EL-SUR

Martes 23 de Abril de 2024

Guerrero, México

Opinión

Poder de una sola brújula

Gibrán Ramírez Reyes

Marzo 11, 2019

Por alguna razón que no viene a cuento, releo una crónica de Ricardo Garibay sobre Gustavo Díaz Ordaz, que mezcla críticas y empatía. Es un texto problemático –en su tiempo se lo reclamó Carlos Monisváis–, entre otras cosas porque Díaz Ordaz becó a Garibay y lo incluyó en su entorno más cercano sin haber, aparentemente, mucha razón ni explicación. Le caía bien y le gustaba platicar con él. Garibay, transparente, relata el inicio de su beca: dice que el secretario particular del presidente “me entregó un sobre sellado y firmado. En el coche lo abrí. Eran diez mil pesos. Abrí las ventanillas y aspiré el aire de diciembre. Desde ese momento cambió mi vida. Se aquietó el ritmo cardiaco. Pude entregarme enteramente a leer y escribir”.
Además de la química personal, creo que había otro asunto de fondo, más de régimen que de estilo personal de gobernar.
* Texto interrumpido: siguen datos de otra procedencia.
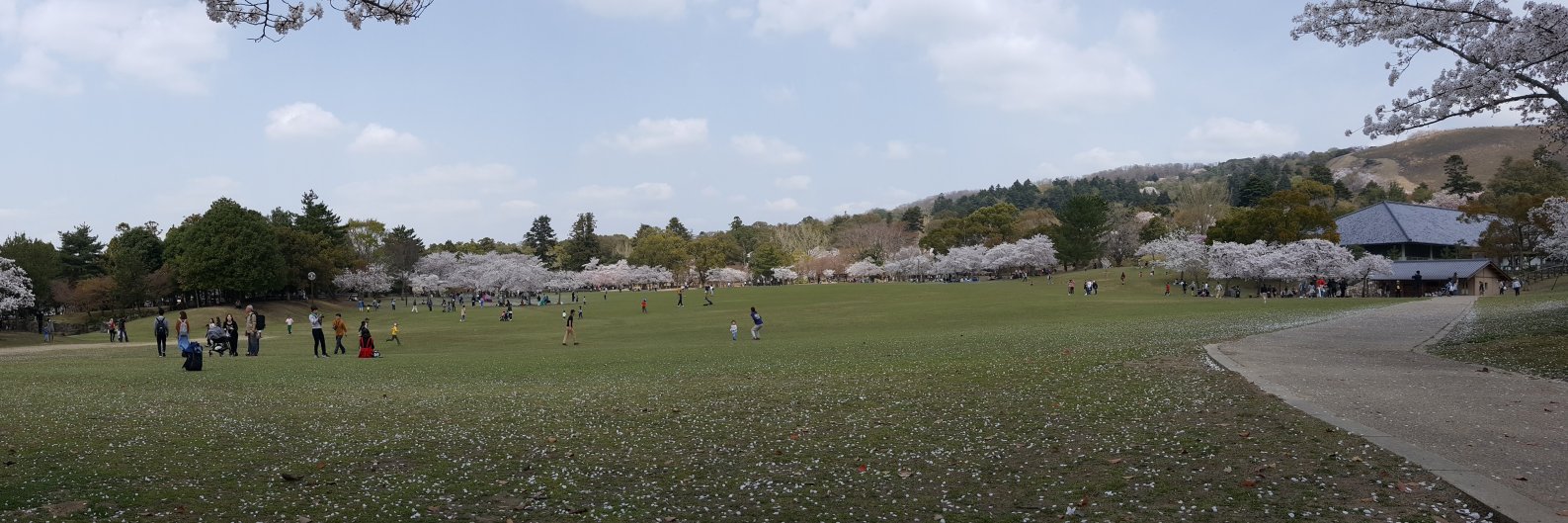 somworld1976's profile banner image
Los intelectuales importaban para dar un rumbo al gobierno: coordenadas ideológicas, interpretación histórica para salir de la cotidianidad de la grilla, de la inmediatez del poder. Y esto no era palpable sólo en el papel que le dio Díaz Ordaz a Garibay, que después le daría también Echeverría, sino en el que jugaban muchos otros políticos intelectuales de un perfil que iría desapareciendo poco a poco. Díaz Ordaz mismo consideraba a Jesús Reyes Heroles “mi carta mayor, mi colaborador confiable”, y daba juego a otros varios, como Emilio Uranga, al que tanto espacio dio el régimen que algunos lo han considerado genio maligno de grandes horrores gubernamentales. Ellos y otros varios acompañaron y dieron norte al poder, desde Ruiz Cortines, hasta López Portillo.
El régimen neoliberal tuvo también a sus intelectuales, si bien fueron más técnicos y menos filosóficos, pero también acompañaron su visión histórica de largo plazo, determinaron reformas necesarias, se hicieron una idea de la sociedad que querían y funcionaron como legitimadores mediáticos de la implementación de sus ideas, que tenían sus singularidades además de ser la versión mexicana de ideas neoliberales. En buena medida, el luto que invade páginas de este y otros diarios, responde a que muchos de esos intelectuales se sienten padres de la democracia de la transición, grandes fijadores de rumbo, y la obra reformista de AMLO afecta su vanidad y autoreconocimiento.
Pero no era eso lo que quería decir. Me llama la atención más bien el papel que juegan los intelectuales del obradorismo, reducidos a hacer sólo la mitad del trabajo. No fijan rumbo, sólo explican al que sí lo hace, exponen sus razones y las del pueblo que lo sigue. En ese sentido, no hay vanguardia intelectual, sino más como una retaguardia. Una parte puede explicarse porque es la antidemocracia la que pone de relieve el juicio de unos cuantos. Díaz Ordaz, por ejemplo, decía (y esto lo recupero nuevamente de Garibay): “no busco el aplauso del pueblo, de la chusma, ni figurar en los archivos de ninguna parte. Al carajo con el pueblo y con la historia”. Por el contrario, al presidente López Obrador parece importarle más que nada el pueblo, su aplauso, y su lugar en la historia, y vive esa relación sin intermediarios. Su lance no pasa por el tamiz de la interpretación histórica, lo decide él en su diálogo con el pueblo.
A ello se suma que la izquierda ha vivido las últimas décadas a la defensiva, en la crítica más que en la activa construcción de futuros deseables y posibles. Por otra parte, se trata de un espacio dominado por sus propias relaciones de poder, con sus caciques y sus santones, donde tampoco circula muy bien el aire. Tener un horizonte superior a los cien puntos del zócalo exigirá que la vena intelectual del bloque social que representa el presidente sea capaz de extender su visión sobre el presente y el futuro, a cada paso.